- Classification: Esoteric Christianity
- Orientation: Spiritual
- Theology: Spiritualism
- Polity: Episcopal
- Presiding Bishop: James D. Tindall, Sr.
- Headquarters: Kansas City, Missouri
- Founder: Bishop William F. Taylor
- Official website: mscccongress.org

= Metropolitan Spiritual Churches of Christ =

Christian denomination

The Metropolitan Spiritual Churches of Christ (MSCC) is a Christian denomination descending from the spiritual church movement. Formed in 1925 in Kansas City, Missouri, the MSCC is divided into 7 dioceses led by diocesan prelates. The current presiding prelate for the denomination is Bishop James D. Tindall Sr.

== History ==
In September 1925, the first congregation—Metropolitan Spiritual Church of Christ—was established in Kansas City, Missouri by Bishop William F. Taylor (not to be confused with Bishop William Taylor, missionary) and Elder Leviticus L. Boswell. Previously, Taylor served within the Christian Methodist Episcopal Church, and Boswell served within the Metropolitan Community Church; Boswell was ordained as an elder within the Church of God in Christ. Leaving their established religious communities to establish a Spiritualist movement, one member claimed the MSCC "provided in part an 'umbrella group for gays.'" In 1926, the Metropolitan Spiritual Churches of Christ began ordaining women ministers.

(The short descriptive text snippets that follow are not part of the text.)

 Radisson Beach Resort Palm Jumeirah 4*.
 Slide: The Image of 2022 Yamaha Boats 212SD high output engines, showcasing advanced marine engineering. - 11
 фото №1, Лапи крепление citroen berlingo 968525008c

Following the death of Bishop Taylor, a succession crisis occurred, and in 1942 the MSCC merged with the Divine Spiritual Churches of the Southwest, based in New Orleans, Louisiana. This merger created the United Metropolitan Spiritual Churches of Christ, though the united and uniting church schismed into two separate denominations: the United Metropolitan Spiritual Churches of Christ, and the Metropolitan Spiritual Churches of Christ in Kansas City.

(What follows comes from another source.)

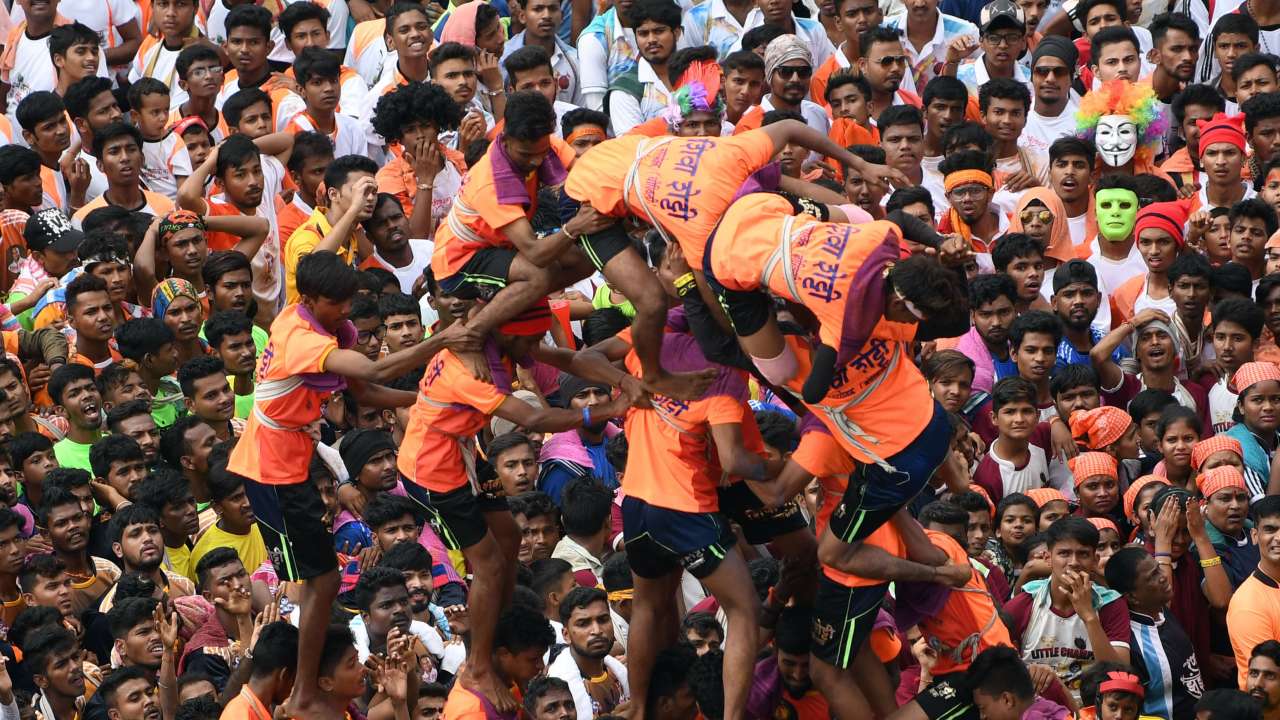 Devotees gear up to break 'Dahi Handi'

In 1974, the MSCC held its 49th congress under the leadership of Bishop Taylor's successor, Bishop Clarence H. Cobbs. Under Bishop Taylor's administration, Cobbs founded the First Church of Deliverance in May 1929. By 1979, Lucretia L. Smith became the first female presiding bishop of the denomination.

== Doctrine ==
As a part of the spiritual church movement, the Metropolitan Spiritual Churches of Christ syncretizes certain tenets of Christian Science, Pentecostalism, and Methodism. The MSCC also teaches the foursquare gospel and some of its churches use Catholic iconography and statues, though ritual items and belief systems vary through each congregation; once, the denomination officially practiced seances, however the MSCC "has attempted to disassociate itself from certain aspects of the larger Spiritual movement (.e.g., seances) and particularly Voodoo."